How to complete this task:
Beginning with the line that holds "Bio Biely ľadový" and finishing with the line that holds "Einhell 3433543 Cordless", repeat the listing exactly, leaving every picture out.

Exercise inputs:
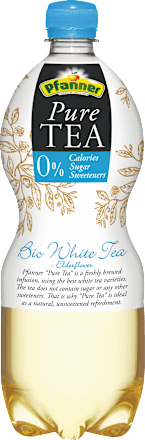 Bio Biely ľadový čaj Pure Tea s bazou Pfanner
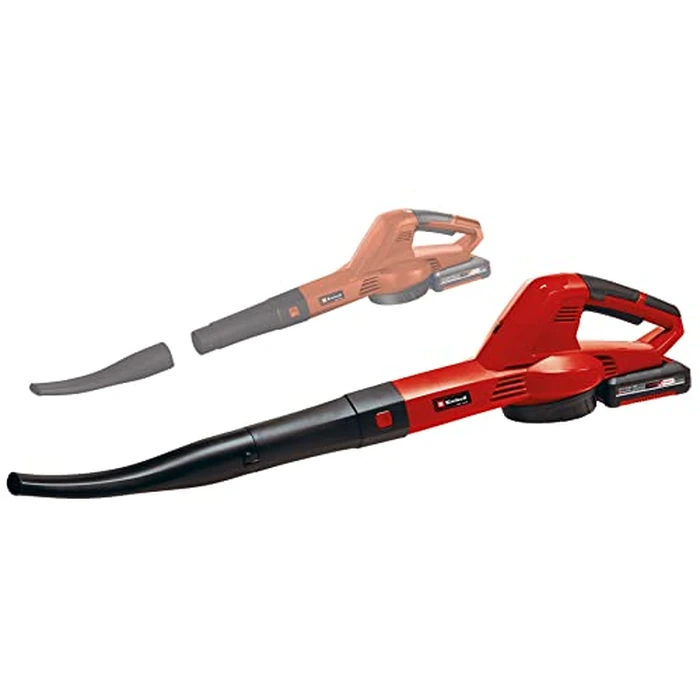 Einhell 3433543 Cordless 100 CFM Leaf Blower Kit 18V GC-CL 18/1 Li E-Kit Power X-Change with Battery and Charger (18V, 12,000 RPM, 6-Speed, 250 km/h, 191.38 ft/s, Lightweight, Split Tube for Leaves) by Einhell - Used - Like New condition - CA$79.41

...

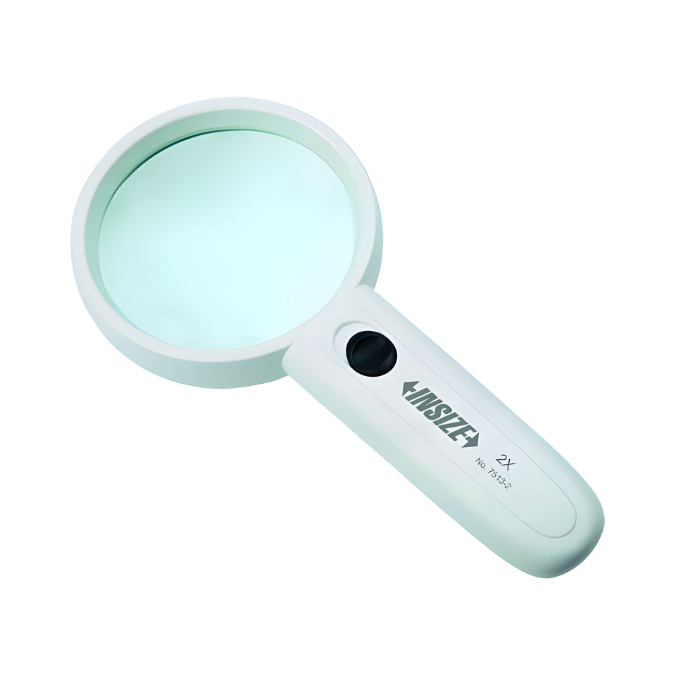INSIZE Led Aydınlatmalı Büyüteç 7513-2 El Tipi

---

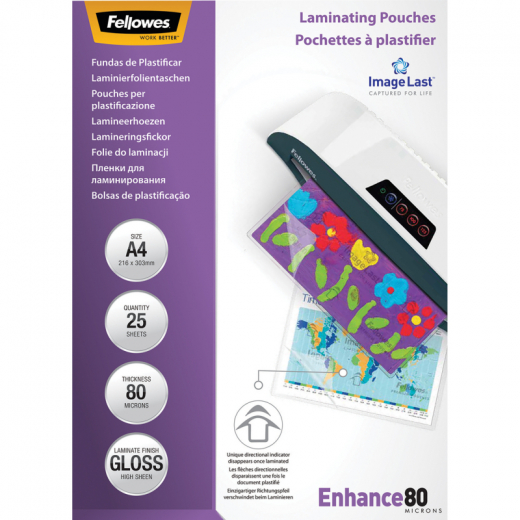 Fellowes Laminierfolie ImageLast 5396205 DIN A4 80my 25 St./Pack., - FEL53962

Task output:
 Bio Biely ľadový čaj Pure Tea s bazou Pfanner
 Einhell 3433543 Cordless 100 CFM Leaf Blower Kit 18V GC-CL 18/1 Li E-Kit Power X-Change with Battery and Charger (18V, 12,000 RPM, 6-Speed, 250 km/h, 191.38 ft/s, Lightweight, Split Tube for Leaves) by Einhell - Used - Like New condition - CA$79.41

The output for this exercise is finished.